If Gonoud’s attitude is reflective of the Westmeath team as a whole, it’s clear they intend to have a real cut off Dublin and at the very least go down swinging.

Jack McCaffrey

Jack McCaffrey

You would have thought the loss of Rory O’Carroll and Jack McCaffrey would weaken Dublin defensively this year, but so far they’ve been as solid as ever. If there are any fault-lines in that new-look defence, Gonoud hopes that Westmeath can exert enough pressure to expose them.

“Everyone is talking at the moment that they have a weak full-back line," he says. "We’re under no illusion, we know that Johnny Cooper, Philly McMahon and Davy Byrne have All-Irelands and All Stars. They are an absolutely unbelievable full-back line.

“Where can we hurt them is a great question. We have to try and find that out. Maybe we can hurt them with that high ball or just going at them on the front foot.

“Cian O’Sullivan is a big factor in how they play. He is the key man in my opinion. He makes that team tick. He sits back, he gets forward, he links it together.
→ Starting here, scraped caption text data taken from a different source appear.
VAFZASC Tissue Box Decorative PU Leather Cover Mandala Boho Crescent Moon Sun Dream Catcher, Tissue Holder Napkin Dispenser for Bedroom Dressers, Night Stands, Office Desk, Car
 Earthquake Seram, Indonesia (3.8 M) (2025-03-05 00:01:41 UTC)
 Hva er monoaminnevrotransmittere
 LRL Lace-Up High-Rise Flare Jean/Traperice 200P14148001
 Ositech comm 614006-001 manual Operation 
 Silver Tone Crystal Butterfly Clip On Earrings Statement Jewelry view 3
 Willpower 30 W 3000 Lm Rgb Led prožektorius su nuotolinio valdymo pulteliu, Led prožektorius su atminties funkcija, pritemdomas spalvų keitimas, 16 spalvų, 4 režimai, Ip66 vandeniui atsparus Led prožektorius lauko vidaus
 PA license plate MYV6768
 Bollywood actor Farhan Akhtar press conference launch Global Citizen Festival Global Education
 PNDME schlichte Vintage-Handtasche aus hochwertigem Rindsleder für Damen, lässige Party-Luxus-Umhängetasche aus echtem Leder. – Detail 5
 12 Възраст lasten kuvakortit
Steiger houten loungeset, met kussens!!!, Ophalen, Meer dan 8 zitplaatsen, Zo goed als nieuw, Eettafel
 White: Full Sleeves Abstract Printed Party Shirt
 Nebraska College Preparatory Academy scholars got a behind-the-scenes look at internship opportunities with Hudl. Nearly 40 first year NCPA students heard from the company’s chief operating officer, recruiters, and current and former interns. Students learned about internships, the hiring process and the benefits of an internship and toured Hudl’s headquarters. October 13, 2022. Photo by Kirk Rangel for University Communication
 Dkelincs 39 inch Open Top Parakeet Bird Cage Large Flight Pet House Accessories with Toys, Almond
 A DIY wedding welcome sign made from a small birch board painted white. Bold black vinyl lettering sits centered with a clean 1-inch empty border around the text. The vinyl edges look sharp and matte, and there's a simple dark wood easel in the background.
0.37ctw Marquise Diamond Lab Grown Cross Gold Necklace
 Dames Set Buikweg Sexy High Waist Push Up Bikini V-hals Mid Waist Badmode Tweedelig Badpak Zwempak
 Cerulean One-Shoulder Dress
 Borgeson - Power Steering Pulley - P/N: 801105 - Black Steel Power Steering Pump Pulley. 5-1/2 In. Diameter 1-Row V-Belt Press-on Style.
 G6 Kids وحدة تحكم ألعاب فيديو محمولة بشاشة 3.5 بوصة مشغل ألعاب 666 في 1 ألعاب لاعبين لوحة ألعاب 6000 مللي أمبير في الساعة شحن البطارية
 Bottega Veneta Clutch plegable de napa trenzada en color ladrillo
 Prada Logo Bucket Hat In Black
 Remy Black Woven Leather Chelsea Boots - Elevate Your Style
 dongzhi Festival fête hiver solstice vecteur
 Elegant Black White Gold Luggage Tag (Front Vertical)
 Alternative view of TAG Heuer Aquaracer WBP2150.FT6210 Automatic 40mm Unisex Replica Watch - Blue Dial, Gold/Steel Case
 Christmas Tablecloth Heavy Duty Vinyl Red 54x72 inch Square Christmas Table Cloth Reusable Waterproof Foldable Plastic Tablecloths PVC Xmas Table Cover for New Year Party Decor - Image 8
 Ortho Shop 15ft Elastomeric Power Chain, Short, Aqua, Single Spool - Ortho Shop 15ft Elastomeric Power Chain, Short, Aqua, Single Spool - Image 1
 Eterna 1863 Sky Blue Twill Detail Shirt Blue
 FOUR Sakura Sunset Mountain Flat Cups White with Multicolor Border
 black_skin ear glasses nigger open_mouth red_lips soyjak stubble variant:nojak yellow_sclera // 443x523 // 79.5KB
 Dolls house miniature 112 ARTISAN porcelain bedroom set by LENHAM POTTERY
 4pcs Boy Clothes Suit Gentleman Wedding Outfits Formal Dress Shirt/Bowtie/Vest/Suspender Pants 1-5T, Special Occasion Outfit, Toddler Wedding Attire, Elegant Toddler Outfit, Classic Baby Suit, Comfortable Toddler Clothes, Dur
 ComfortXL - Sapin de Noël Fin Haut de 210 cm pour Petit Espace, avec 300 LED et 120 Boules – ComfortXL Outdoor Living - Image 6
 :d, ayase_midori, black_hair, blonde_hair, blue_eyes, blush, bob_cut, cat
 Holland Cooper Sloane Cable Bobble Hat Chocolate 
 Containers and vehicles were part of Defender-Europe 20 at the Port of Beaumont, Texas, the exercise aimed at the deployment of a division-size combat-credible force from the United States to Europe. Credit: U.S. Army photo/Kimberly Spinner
It is important to keep him occupied and then just put in the high ball and see what happens.”

A victory for a soon to be Division Four Westmeath team against the reigning All-Ireland Champions and four-in-a-row Division One League Champions Dublin would be the biggest shock Gaelic Football has seen for a very long-time.

Still, it has been the year of the underdog so far. Longford downed Monaghan last weekend, Tipperary beat Cork in Munster, and Galway scalped a Mayo team going for six provincial titles in a row in Connacht. All of those results are a source of inspiration for Gonoud.

“Of course,” he says. “Dublin have played Mayo and have had very close games and we have played Galway and they have been close games. It just shows that the standard in class isn’t as much as people make it out to be.

“It was definitely a big boost seeing something like that happen. Even Tipperary beating Cork. I know they didn’t have their best Munster final but it just shows that teams in Division Three and Division Four can out it up to Division One teams.”

Believing you can do something is half the battle. And Jamie Gonoud is most definitely a believer.